THE DATA: Begin

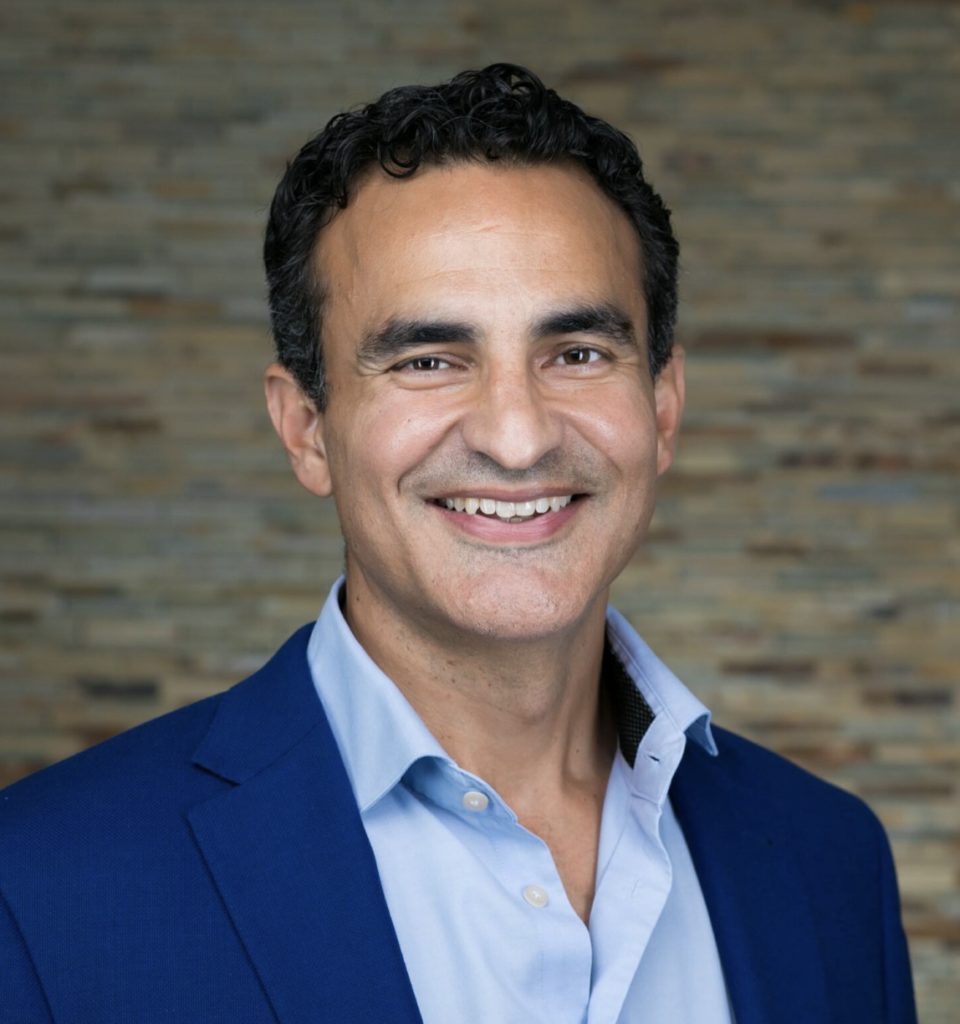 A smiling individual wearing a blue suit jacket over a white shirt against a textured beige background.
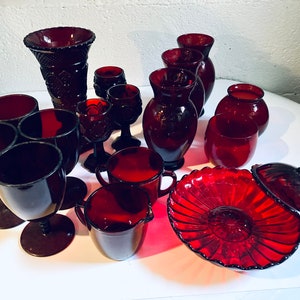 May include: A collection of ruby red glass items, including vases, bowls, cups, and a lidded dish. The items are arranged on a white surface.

THE DATA: End
THE DATA: Begin

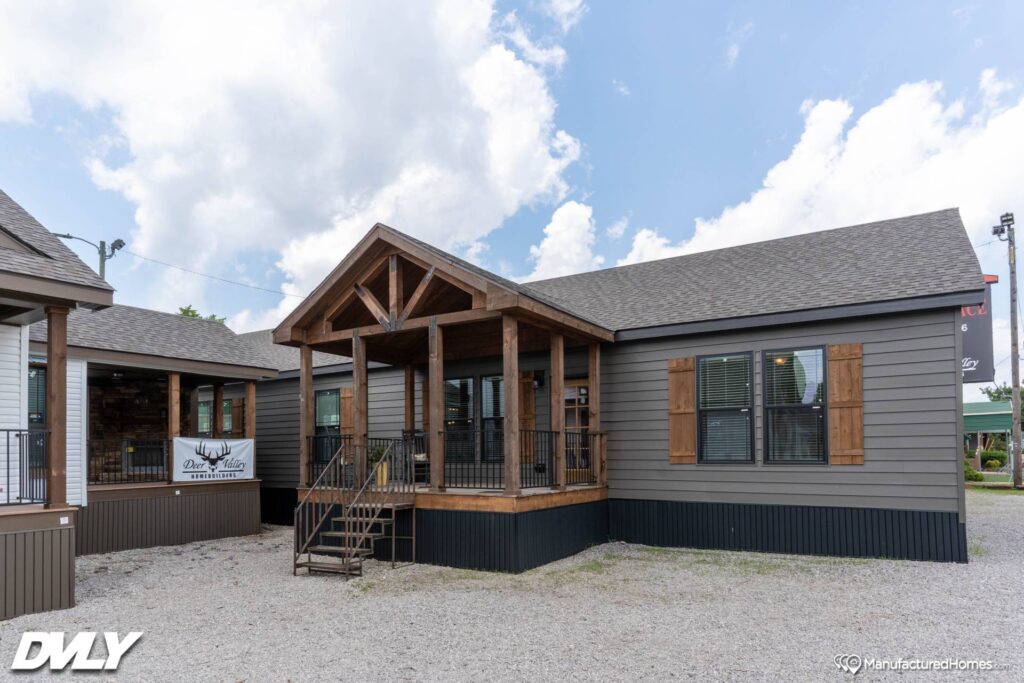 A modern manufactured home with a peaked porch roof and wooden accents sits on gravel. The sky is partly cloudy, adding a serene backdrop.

THE DATA: End

**ACTION ITEM**
Begin at the line in the entries above that has "A smiling individual", stop after the line that has "May include: A", and output exactly those lines without pictures.

**REPLY**
 A smiling individual wearing a blue suit jacket over a white shirt against a textured beige background.
 May include: A collection of ruby red glass items, including vases, bowls, cups, and a lidded dish. The items are arranged on a white surface.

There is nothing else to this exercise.